Es sei nicht so, als ob sich ein Haufen Verrückter gefunden habe. Im Verband seien Mitglieder aller politischer Strömungen, sagt Piepgras, auch bisher nicht politisch engagierte Menschen. Im Netz geben sie sich Namen wie "Hoogi" oder "Blooty", veröffentlichen Protokolle von Sitzungen im Netz, proklamieren Transparenz. Der Kern der Bewegung ist und bleibt die Internetaffinität. "Ich glaube, dass die Einführung des Internets später einmal die gleiche Bedeutung haben wird wie die des Buchdrucks", sagt Piepgras. Nur dass die etablierten Parteien dies noch nicht erkannt hätten. Und so positionieren sich die Nordpiraten bewusst rund um die Themen Innere Sicherheit und Bürgerrechte, eröffnen dabei auch Grundsatzdebatten über das unendliche Wachstum des Kapitalismus.

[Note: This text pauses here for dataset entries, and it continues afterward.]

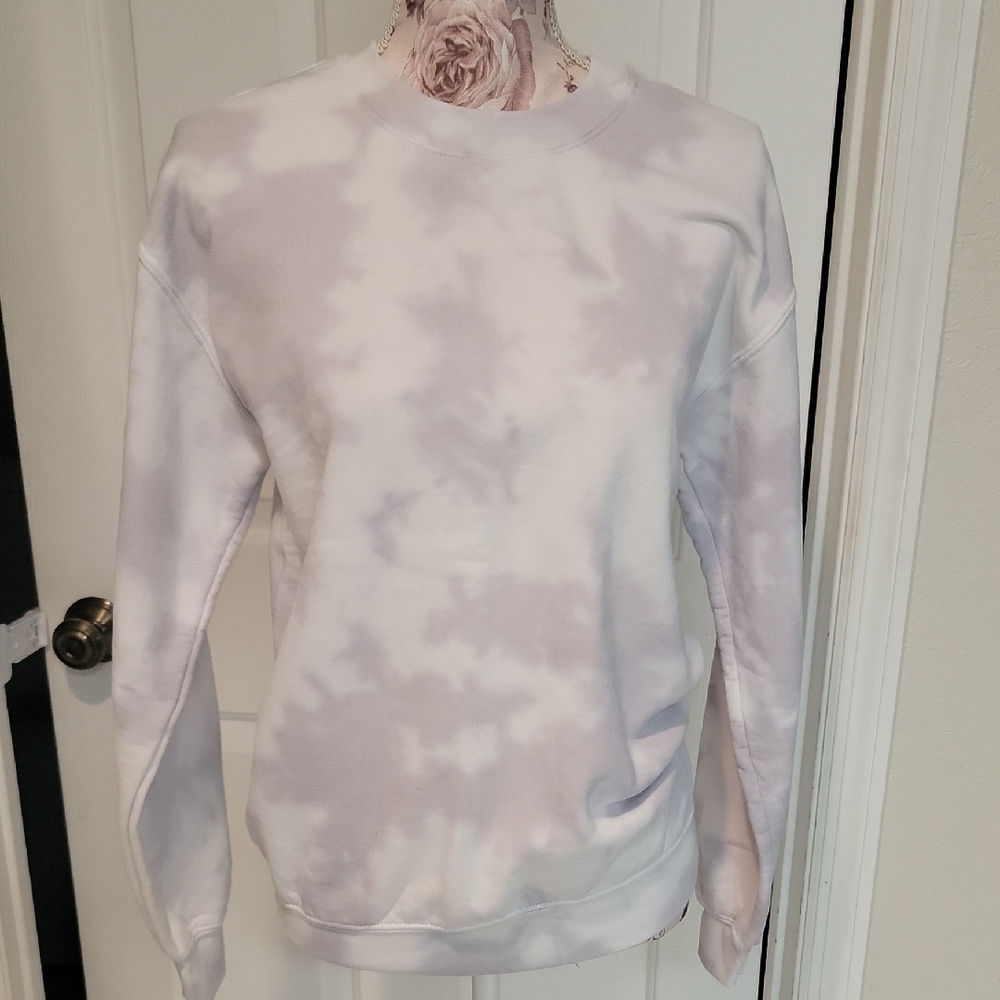 Tie-Dye Sweatshirt in White and Purple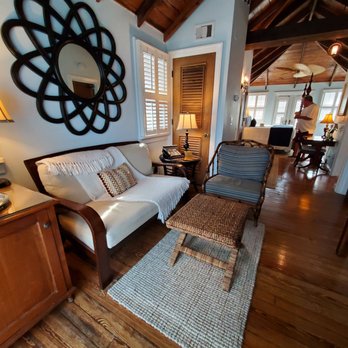 Port d'Hiver Bed and Breakfast - Walter's Suite - Bed & Breakfast Near Me - Melbourne Beach, Florida Port d'Hiver Bed and Breakfast - Walter's Suite - Bed & Breakfast Near Me - Melbourne Beach, Florida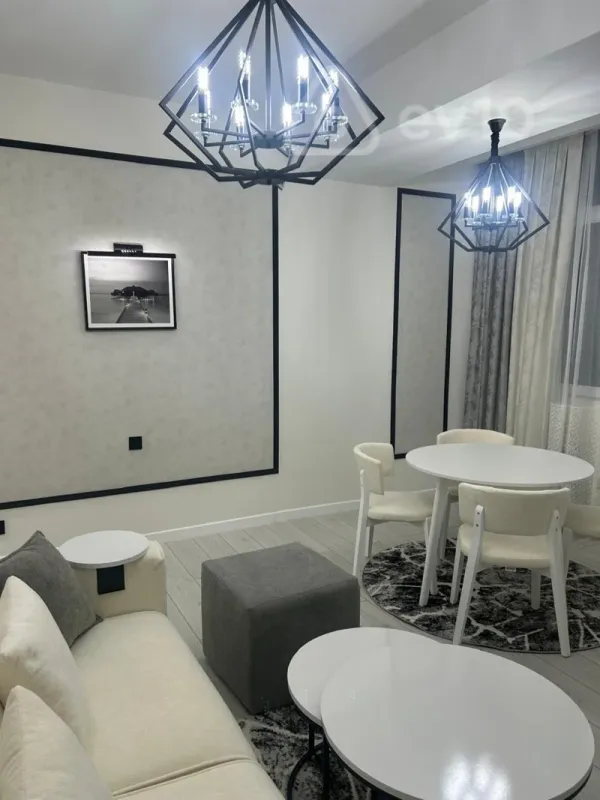 Satılır 2 otaqlı yeni tikili 60 m²
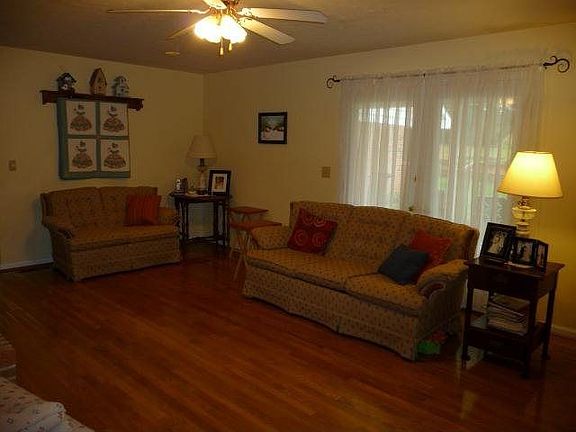 5th image of 19460 Oakwood Dr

Dass sie dabei keine Antworten haben, stört sie nicht. "Die haben andere auch nicht", sagt Piepgras.

Darunter mischen sich auch Positionen wie ein Verbot von mit Uran belastetem Dünger oder die Forderung nach Laptops für alle Schüler. Solche Politik-Exotik gehöre am Anfang dazu, meint er. Ernsthafter kommt da das Wahlprogramm daher, das sich für ein Ende der Vorratsdatenspeicherung und der Fehmarnbelt-Querung ausspricht. Und Piepgras, der eher zufällig Parteichef wurde, macht sich schon Gedanken über einen beruflichen Ausklang im politischen Etablissement. "Ich könnte mir eine Arbeit in der Fraktion bis zur Rente gut vorstellen", sagt er und erwähnt fast nebenbei, dass sie erst einmal gar nicht regieren wollen. "Wir sind halt anders." Wie lange das den Wählern genügt, wird sich sehen, solange ist Darkstar im Anflug auf Kiel.